The next day, they got me in the car and we were on our way.
The Big Kahuna tattoo parlor was edgy and cold and terrifying. Possibilities were plastered on every corner of the walls and counter—symbols and serpents and fairies—and my indecisive soul was already quaking with panic. Mom and Lindsey were flipping through a big black book on the counter and I slid between them. Three pages in, I saw a three-leaf clover—each leaf was a heart and the shape was created with Celtic knots so that you could trace the entire design without ever lifting your pen from the page. I pointed.
“A heart for each of us.”
“That’s it,” Mom and Lindsey said on top of each other, nodding, nodding yes.
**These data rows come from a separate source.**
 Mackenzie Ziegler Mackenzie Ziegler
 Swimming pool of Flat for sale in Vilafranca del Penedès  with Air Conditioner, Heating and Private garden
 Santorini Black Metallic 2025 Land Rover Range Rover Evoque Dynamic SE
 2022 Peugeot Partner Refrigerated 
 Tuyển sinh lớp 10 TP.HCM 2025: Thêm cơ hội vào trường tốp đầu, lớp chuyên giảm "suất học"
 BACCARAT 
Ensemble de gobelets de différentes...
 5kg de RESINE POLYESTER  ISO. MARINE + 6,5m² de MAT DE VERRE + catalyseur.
A guy walked down from the other side of the counter, joining us where we hovered over the page.
“Ah. Good one,” he said. “Luck Forever.”
“We each want one,” Mom said. “On our second toe.”
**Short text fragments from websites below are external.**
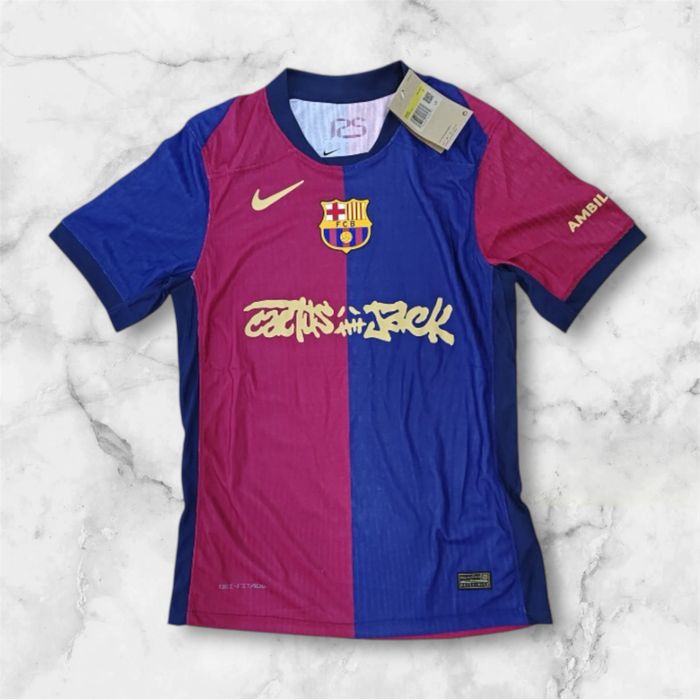 S/M/L Tricouri Travis scott barcelona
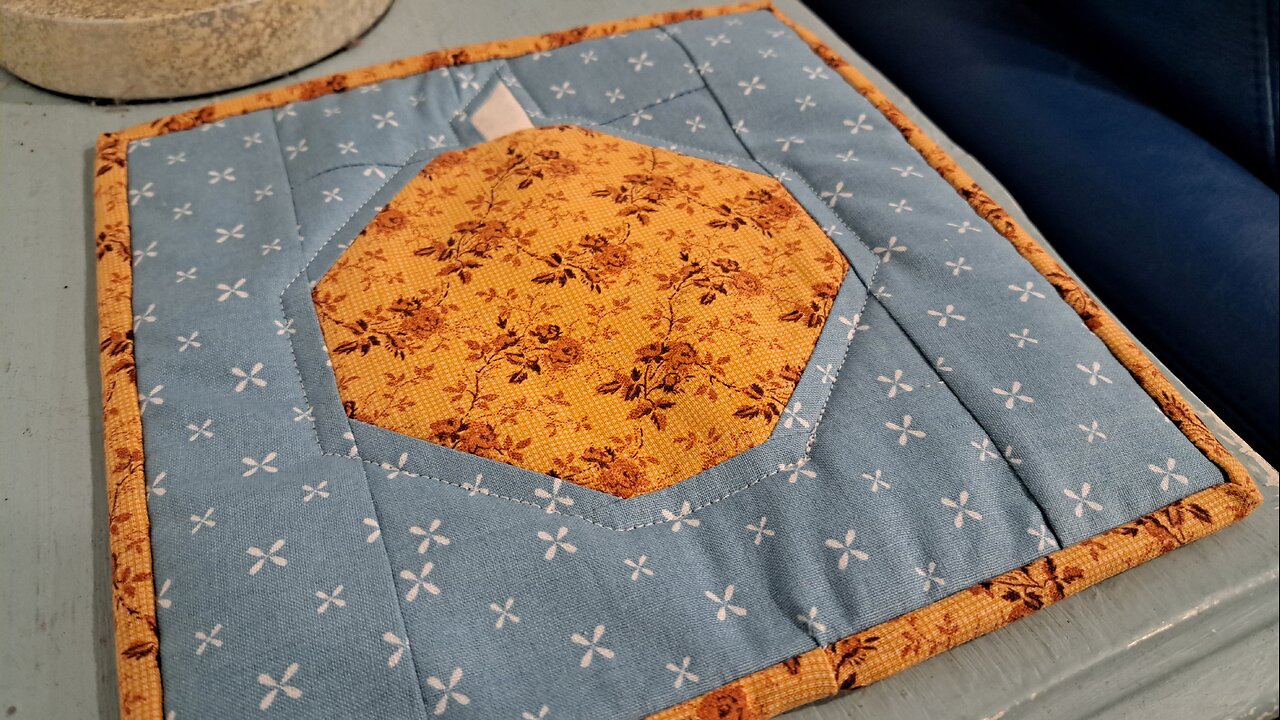 I Created the PERFECT Quilted Pumpkin Hot Mat!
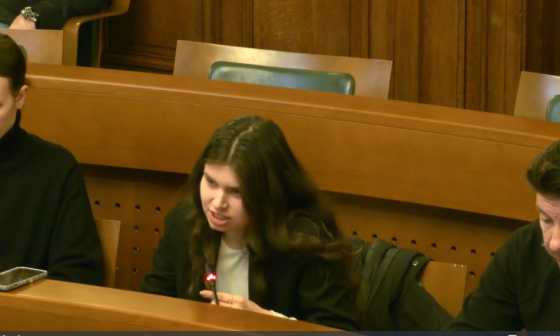 Novinarka na MOLovi novinarski konferenci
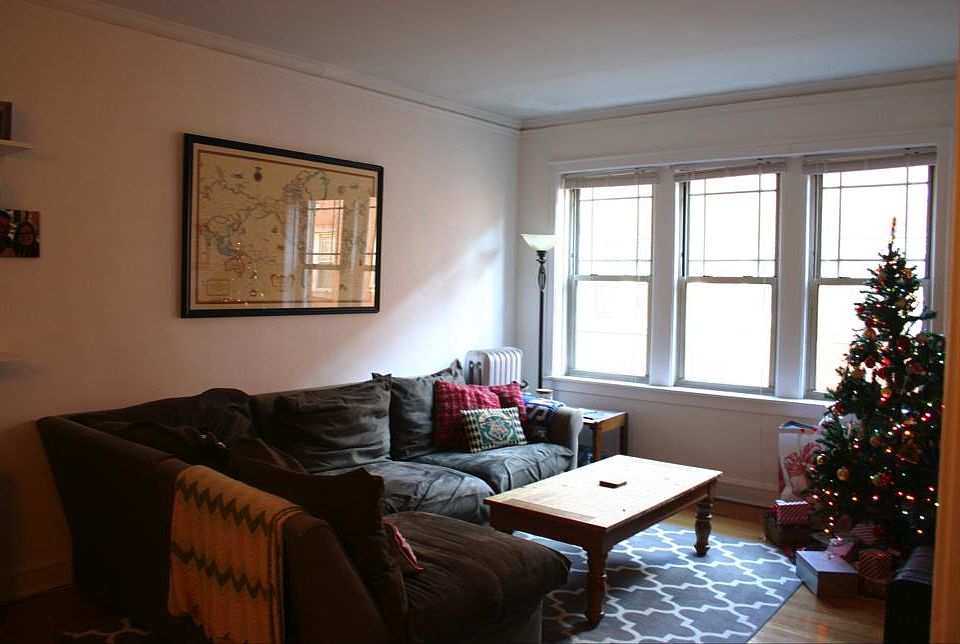 1st image of 4509 N Greenview Ave APT 2E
He was tapping tattoo-covered fingers on the counter. “We can’t do toes. Or fingers. Plus—see the detail in the knots? If it’s not at least this big, you’ll lose all that. It’ll just be a black blob.”
“I gotcha. Okay. Well, how about the inside of my ankle?”
He nodded. “Fine.”
Lindsey crinkled her nose. “I still want one on the top of my foot.”
“Yeah. Fine. And how about you?”
I shook my head no. “Not getting one. I’m just the cheerleader.”
Mom sighed. “Min. This is something I really wanted to do with you girls.”
Oh, the guilt. Thick as organic peanut butter. Without the jelly diversion.
“I was only okay with the toe because of you guys. I really don’t want one.”
She wasn’t going to push further, but I still felt awful.
“I’m still represented,” I offered. “Three hearts.”
But they had given up on me. And soon they were each settled in a different artist’s seat, tipsy with luck, ready to paint the town.
I sat between them, green-eyed as they laughed through the stinging. I sat there, safe, familiar and not without pain, wondering how many times my rules had kept me from tasting, from trying, from feeling something new.
The tattoos were small and simple, and only in black ink, so it wasn’t too long before Mom and Lindsey’s new additions were wrapped in hot pink cellophane that crinkled with fun. We left and I was conscious of my naked legs as we walked. Then we stopped for dinner. At the table, Mom’s legs were crossed and the arc of what I imagined was my heart was peeking through the transparent pink.
She caught me.
“Do you want one, honey? We can go back. It’s just down the street.”
My silence must’ve given her hope.
“We’re going back.”
The guys at Big Kahuna welcomed us with hugs.
“So. Where do you want it?”
“The inside of my left ankle,” I said, motioning to my Mom’s. “But maybe a little smaller?”
Twenty minutes and a roll of paper towels later, the final knot was tied. I had to look away at the first sight of blood. But, after my sweaty palms were under control, the pricking was (almost) exhilarating. Later that night, when I peeled the cellophane away, the black ink winked against my pale skin in triumphant relief.
The pigment has faded a little now. But my tattoo is as much a part of me as all of my unfortunate freckles. And, at first handshake, you probably would take me for a buttoned up, plays-by-the-rules girl. My clover betrays me, though. And I’m always happy to twist and twirl my ankle to show off my lady luck forever.
How about you? Do you have a tattoo (and a story behind it)? Ever broken your own personal rule?